1) Chacun sait que jusqu'en 1674, la Franche-Comté faisait partie du royaume d'Espagne, après avoir appartenu à divers états.

2) Ce n'est pas absolument aux Chaux-Sèches, mais sur ses limites septentrionales, que les suisses ont usurpé ces terrains vers 1536. Il est à croire que tous ces terrains portaient alors le nom de Chaux-Sèches.

3) Claude Joseph Michel mourut en 1772 à l'age de 90 ans.

4) la somme était de 300f. Les suisses en réclamèrent la moitié.

5) Mr L'abbé Grandmottet s'y rencontra et c'est à la suite de ses études sur l'usurpation des suisses que l'on décida le cas en question.

6) Ce Joseph Xavier Bourgeois, fils de Jean Baptiste, grand oncle de Joseph Bourgeois, n'avait alors que vingt ans, et son âge l'excusa un peu, néanmoins il tomba tellement sous les coups du mépris général qu'il se vit obligé de quitter le pays, rebuté de tous, même des membres de sa famille, il s'en alla d'abord comme fermier au Chatelet des Planches, puis quelques années après, il se retira à Montorge où il mourut sans jamais osé revoir Chapelle des Bois et les parents qu'il y avait laissés.

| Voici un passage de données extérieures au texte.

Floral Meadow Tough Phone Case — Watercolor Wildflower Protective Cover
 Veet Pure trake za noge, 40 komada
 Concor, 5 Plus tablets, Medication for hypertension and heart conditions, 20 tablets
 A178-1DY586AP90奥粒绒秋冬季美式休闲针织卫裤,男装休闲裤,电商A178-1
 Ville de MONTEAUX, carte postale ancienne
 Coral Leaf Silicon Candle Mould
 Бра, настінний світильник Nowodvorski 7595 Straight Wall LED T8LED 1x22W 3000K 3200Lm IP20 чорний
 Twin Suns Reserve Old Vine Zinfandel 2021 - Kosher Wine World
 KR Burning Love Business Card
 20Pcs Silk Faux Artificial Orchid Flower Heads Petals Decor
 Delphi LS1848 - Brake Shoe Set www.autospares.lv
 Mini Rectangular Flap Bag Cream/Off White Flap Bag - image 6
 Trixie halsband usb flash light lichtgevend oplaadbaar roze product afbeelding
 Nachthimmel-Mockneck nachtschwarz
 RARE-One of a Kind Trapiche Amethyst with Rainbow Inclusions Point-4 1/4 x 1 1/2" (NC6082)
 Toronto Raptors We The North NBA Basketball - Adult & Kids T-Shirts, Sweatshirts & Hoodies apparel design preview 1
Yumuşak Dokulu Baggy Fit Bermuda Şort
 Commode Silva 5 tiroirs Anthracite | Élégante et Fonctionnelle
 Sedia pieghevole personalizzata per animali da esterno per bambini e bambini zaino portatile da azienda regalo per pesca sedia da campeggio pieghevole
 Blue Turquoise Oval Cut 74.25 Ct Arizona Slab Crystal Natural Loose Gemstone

7) Les contrebandier de bois étaient en général ce qu'il y avait de moins honorables dans le pays; il était juste d'arrêter le cours de ces dépradations faites, non pas à la Suisse, nous l'avons vu, mais au communs limitrophes. Férréol Pagnier, fils de l'ancien maire Jean-Baptiste, fut ainsi proposé pour remplir cette charge en 1830, mais il n'accepta pas.

Claude François Cart ne mourut pas non plus à Chapelle des Bois; révolutionnaire endurci, sans conscience, il tomba dans la plus extrême misère, et après avoir dénoncé les actes de l'excellent procureur ou agent national Jean Baptiste Michaud et l'avoir ainsi exposé à la guillotine, le misérable quitta le pays et on ne le revit plus.